WNGL (1410 AM) is a radio station licensed to serve Mobile, Alabama, United States. Since September 2009, the station has been owned by Fairhope-based Archangel Communications, Inc.

==Programming==
WNGL broadcasts a Catholic radio format to the Mobile metropolitan area. The station primarily airs programming from EWTN Global Catholic Radio and also broadcasts a local live hour program weekdays mornings, along with McGill–Toolen Catholic High School football games.

==History==

===The beginning===
The oldest radio station in Mobile, Alabama, WODX first broadcast from the Battle House Hotel in downtown Mobile on February 7, 1930. Owned by W.O. Pape's Pape Broadcasting Company, the station changed its call sign to WALA in 1933. The book Alabama's First Broadcast Stations by Harry Butler says the calls WALA once stood for "We Are Loyal Alabamians".

January 1953 saw the launch of co-owned NBC-affiliated television station WALA-TV (channel 10) in Mobile and the start of a new era for the AM radio station.

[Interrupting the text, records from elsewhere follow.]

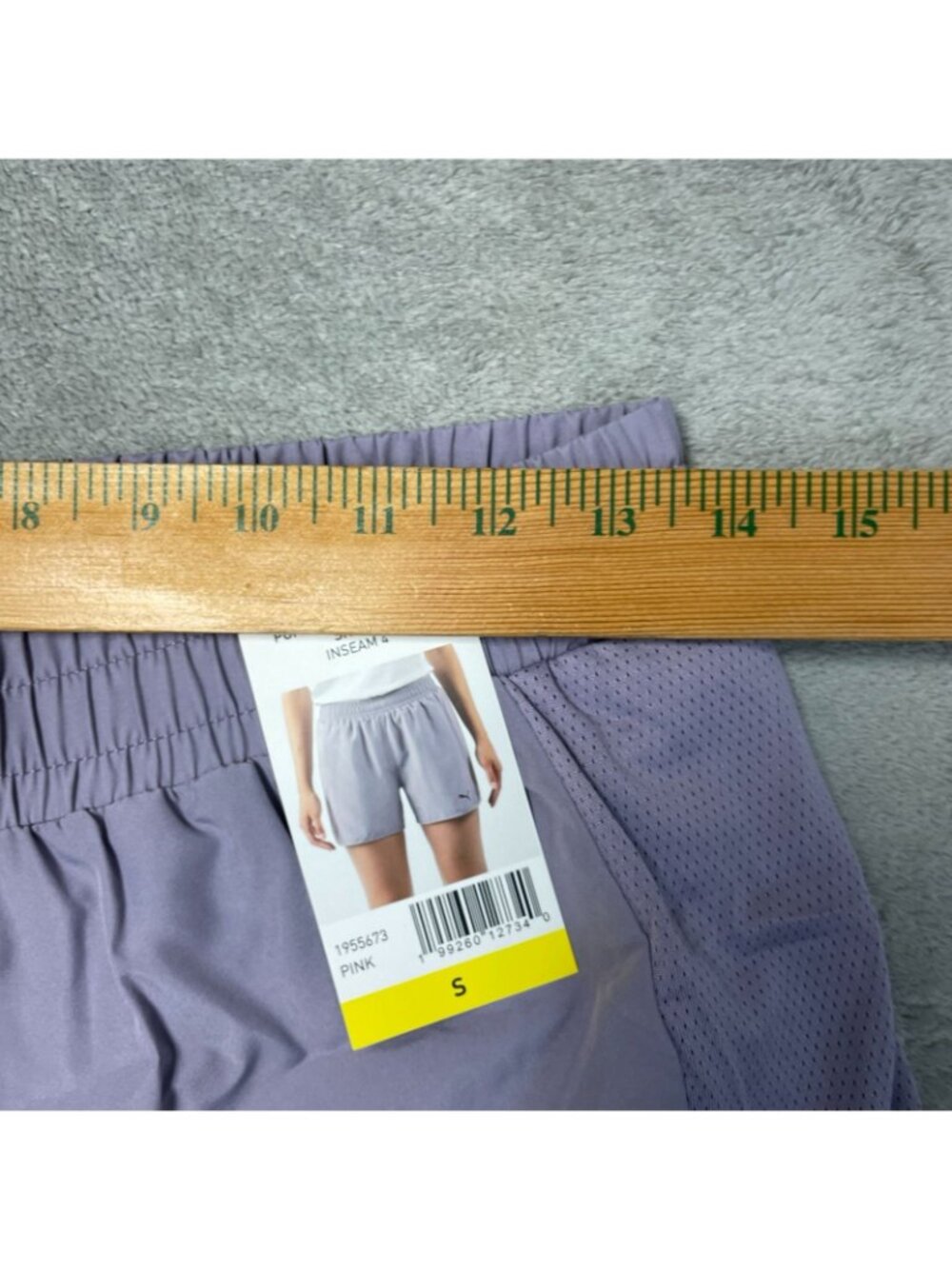 NWT Puma Women's S Woven Active Shorts Inseam 4"  Purple C0432 - Picture 3 of 8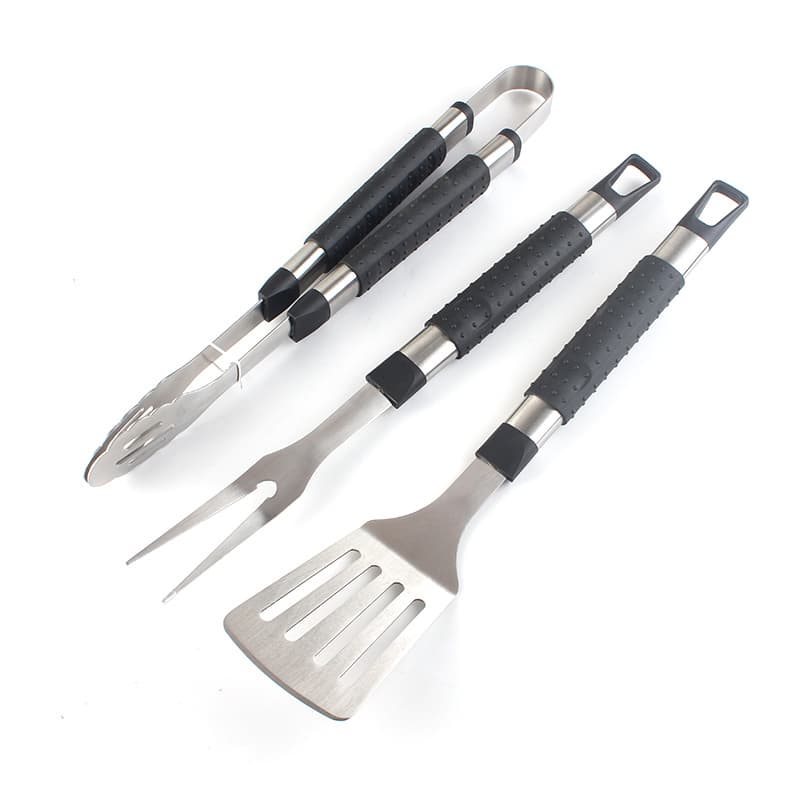 Stainless Steel 3-Piece Barbecue Tools Outdoor Household BBQ Tool Set ...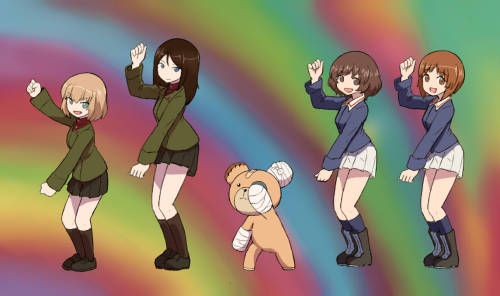 girls-und-panzer: Artwork by オキツグ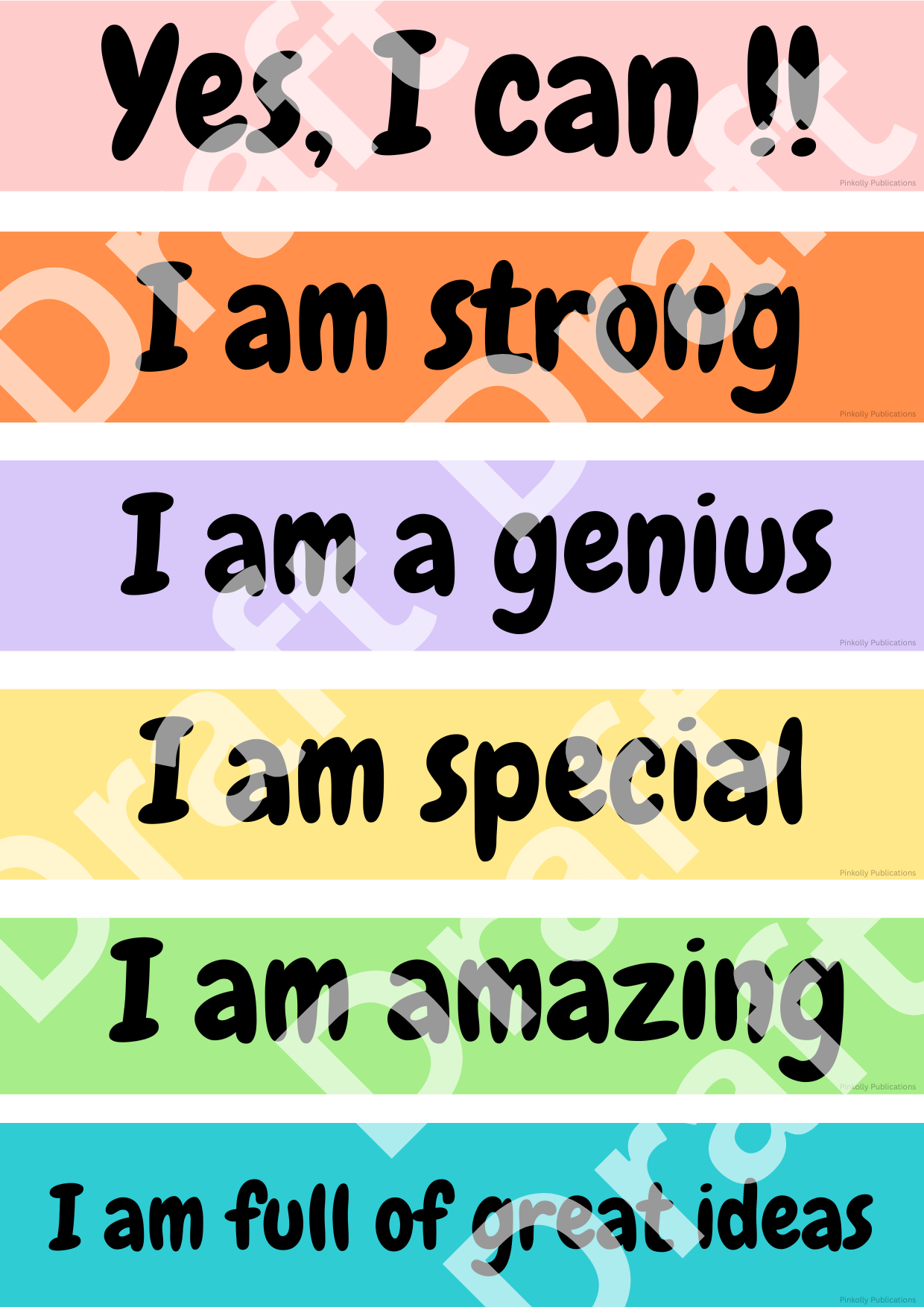 Positive Affirmation Sticker Sheet - English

A shift by the Pape family in January 1956 saw WALA transferred to a new company called Pape Television Company.

===The country era===
In 1963 the ownership of the radio and television stations was split and the AM station's call sign was changed to WUNI. The call sign was intended to sound out the phrase "You and I". The re-christened radio station was acquired by a new company called WUNI Inc. on December 3, 1964. It was with this ownership change that WUNI became the first full-time country music radio station in Mobile. The station was sold again, this time to the similarly named Radio Station WUNI Inc. on August 1, 1976.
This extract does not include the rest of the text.